Instead of (or in addition to) calling fsync(), I would like to retain (not overwrite) old data on disk until the file system has written the new data. The main reasons why I don't want to rely on fsync() is: most hard disks lie to you about doing an fsync.
So what I'm looking for is what is the typical maximum delay for a file system, operating system (for example Windows), hard drive until data is written to disk, without using fsync or similar methods. I would like to have real-world numbers if possible. I'm not looking for advice to use fsync.
I know there is no 100% reliable way to do it, but I would like to better understand how operating systems and file systems work in this regard.
What I found so far is: 30 seconds is / was the default for /proc/sys/vm/dirty_expire_centiseconds. Then "dirty pages are flushed (written) to disk ... (when) too much time has elapsed since a page has stayed dirty" (but there I couldn't find the default time). So for Linux, 40 seconds seems to be on the safe side. But is this true for all file systems / disks? What about Windows, Android, and so on? I would like to get an answer that applies to all common operating systems / file system / disk types, including Windows, Android, regular hard disks, SSDs, and so on.
Let me restate this your problem in only slightly-uncharitable terms: You're trying to control the behavior of a physical device which its driver in the operating system cannot control. What you're trying to do seems impossible, if what you want is an actual guarantee, rather than a pretty good guess. If all you want is a pretty good guess, fine, but beware of this and document accordingly.
You might be able to solve this with the right device driver. The SCSI protocol, for example, has a Force Unit Access (FUA) bit in its READ and WRITE commands that instructs the device to bypass any internal cache. Even if the data were originally written buffered, reading unbuffered should be able to verify that it was actually there.

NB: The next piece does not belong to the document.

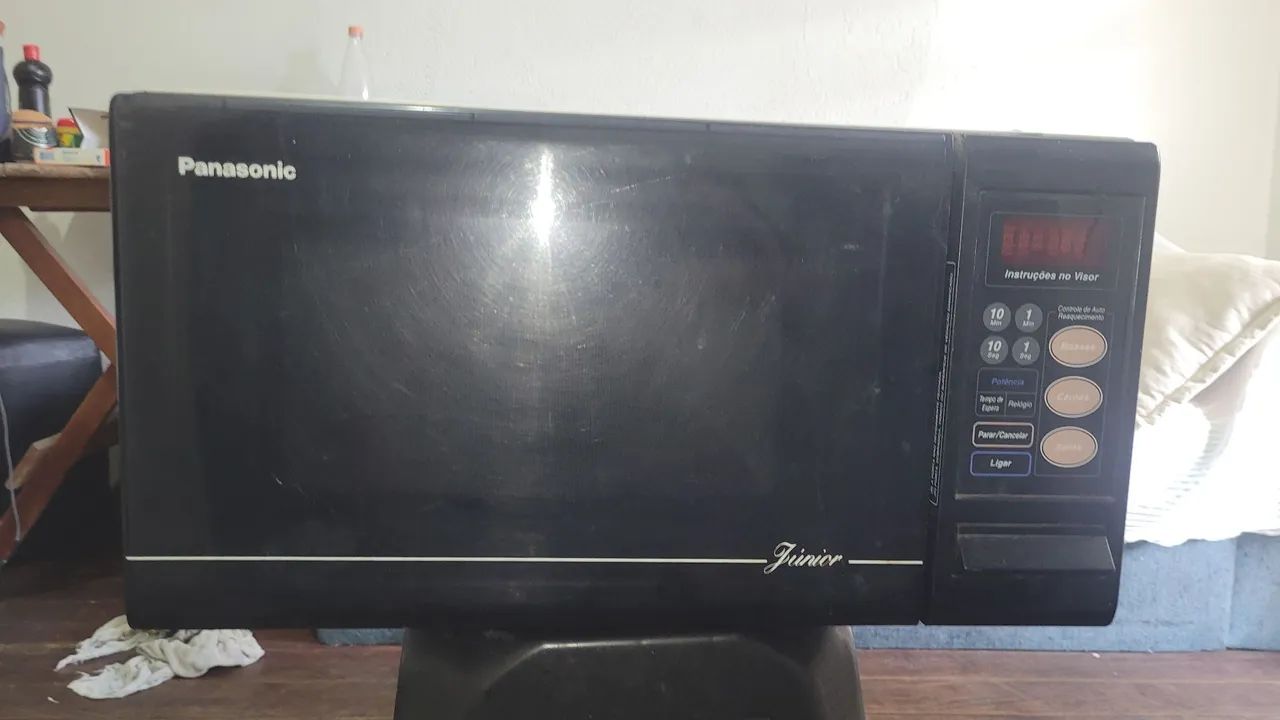 Microondas Panasonic Junior Modelo nn5556bh 1200w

The only way to reliably make sure that data has been synced is to use the OS specific syncing mechanism, and as per PostgreSQL's Reliability Docs.
When the operating system sends a write request to the storage
hardware, there is little it can do to make sure the data has arrived
at a truly non-volatile storage area. Rather, it is the
administrator's responsibility to make certain that all storage
components ensure data integrity.
So no, there are no truly portable solutions, but it is possible (but hard) to write portable wrappers and deploy a reliable solution.

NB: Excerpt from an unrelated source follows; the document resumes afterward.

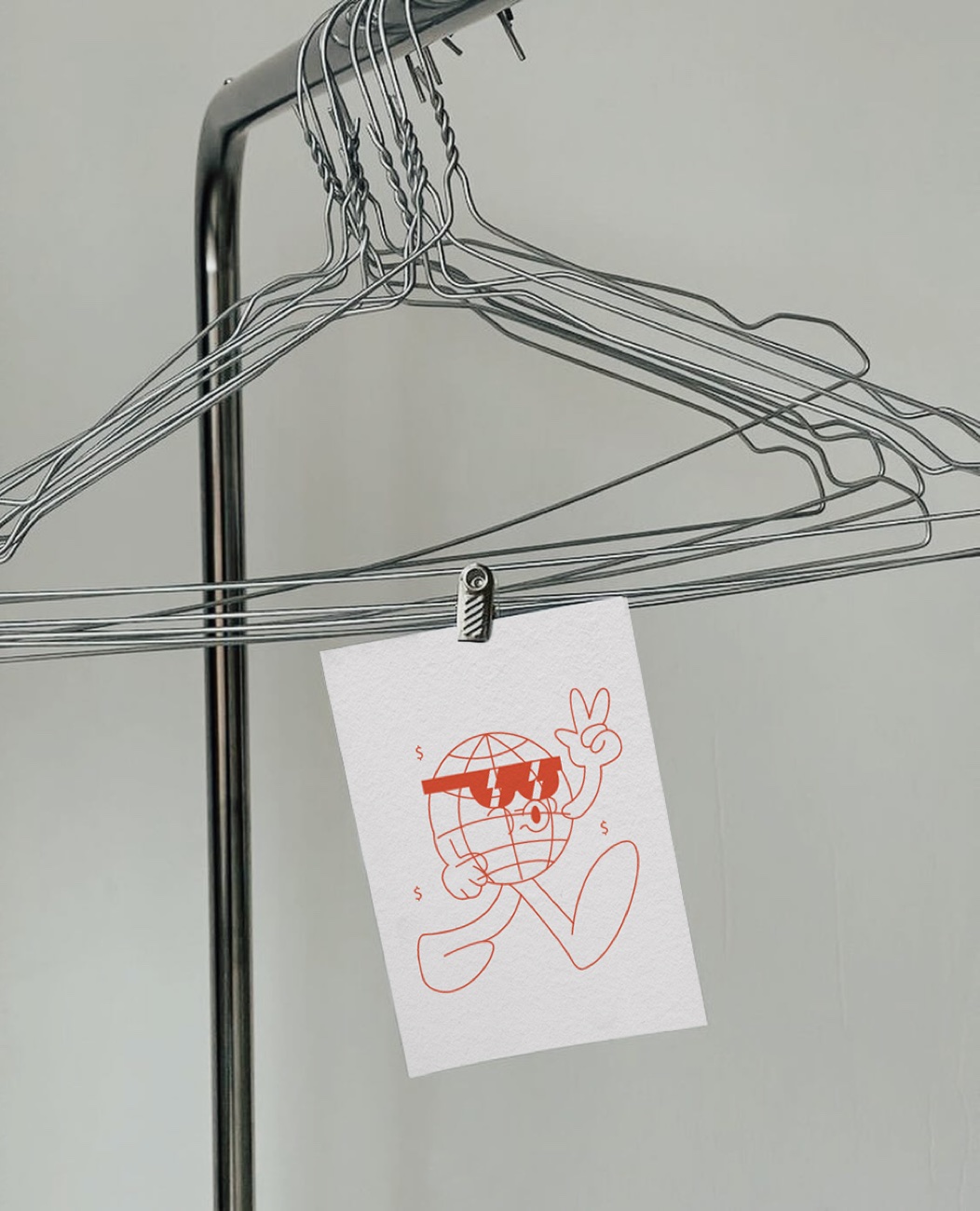 Tarjeta ilustrada de Diofill colgada de una percha de alambre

First of all thanks for the information that hard disks lie about flushing data, that was new to me.
Now to your problem: you want to be sure that all data that you write has been written to the disk (lowest level). You are saying that there are two parts which need to be controlled: the time when the OS writes to the hard drive and the time when the hard drive writes to the disk.
Your only solution is to use a fuzzy logic timer to estimate when the data will be written.
In my opinion this is the wrong way. You have control about when the OS is writing to the hard drive, so use the possibility and control it! Then only the lying hard drive is your problem. This problem can't be solved reliably. I think, you should tell the user/admin that he must take care when choosing the right hard drive. Of course it might be a good idea to implement the additional timer you proposed.
I believe, it's up to you to start a row of tests with different hard drives and Brad Fitzgerald's tool to get a good estimation of when hard drives will have written all data. But of course - if the hard drive wants to lie, you can never be sure that the data really has been written to the disk.
There are a lot of caches involved in giving users a responsive system.
There is cpu cache, kernel/filesystem memory cache, disk drive memory cache, etc. What you are asking is how long does it take to flush all the caches?
Or, another way to look at it is, what happens if the disk drive goes bad? All the flushing is not going to guarantee a successful read or write operation.
Disk drives do go bad eventually. The solution you are looking for is how can you have a redundant cpu/disk drive system such that the system survives a component failure and still keeps working.
You could improve the likelihood that system will keep working with aid of hardware such as RAID arrays and other high availability configurations.
As far software solution goes, I think the answer is, trust the OS to do the optimal thing. Most of them flush buffers out routinely.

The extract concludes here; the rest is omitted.